The State wrote an order stating that Mr. Wood nonetheless is not intellectually disabled and that his lawyer made a strategic decision not to put on evidence of his intellectual diability at trial. The trial judge adopted that order word-for-word — a practice that has been criticized by the appellate courts but is common in Alabama. The Alabama Court of Criminal Appeals in turn adopted those findings and the Alabama Supreme Court refused to review the case.
The federal district court did not disagree with the state court’s adopted findings about intellectual disability but found that the evidence did not support the state court’s finding that Mr. Wood’s trial lawyer made a strategic decision not to present evidence of his intellectual disability. The federal court vacated Mr. Wood’s death sentence. That ruling was reversed by the federal appeals court, and Mr. Wood appealed to the United States Supreme Court.

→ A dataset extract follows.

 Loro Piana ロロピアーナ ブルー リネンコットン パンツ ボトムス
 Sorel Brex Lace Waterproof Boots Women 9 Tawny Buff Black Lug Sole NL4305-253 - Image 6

The case highlights Alabama’s failure to provide adequate representation to defendants facing the death penalty. Alabama is the only state in the country without a state-funded program to provide legal assistance to death row prisoners. There is no state-wide public defender program in the state and over half of the more than 200 people on Alabama’s death row were represented at trial by appointed lawyers whose compensation for out-of-court preparation was capped at $1000.
The Court will hear argument on Mr. Wood’s case after its new term begins in October 2009.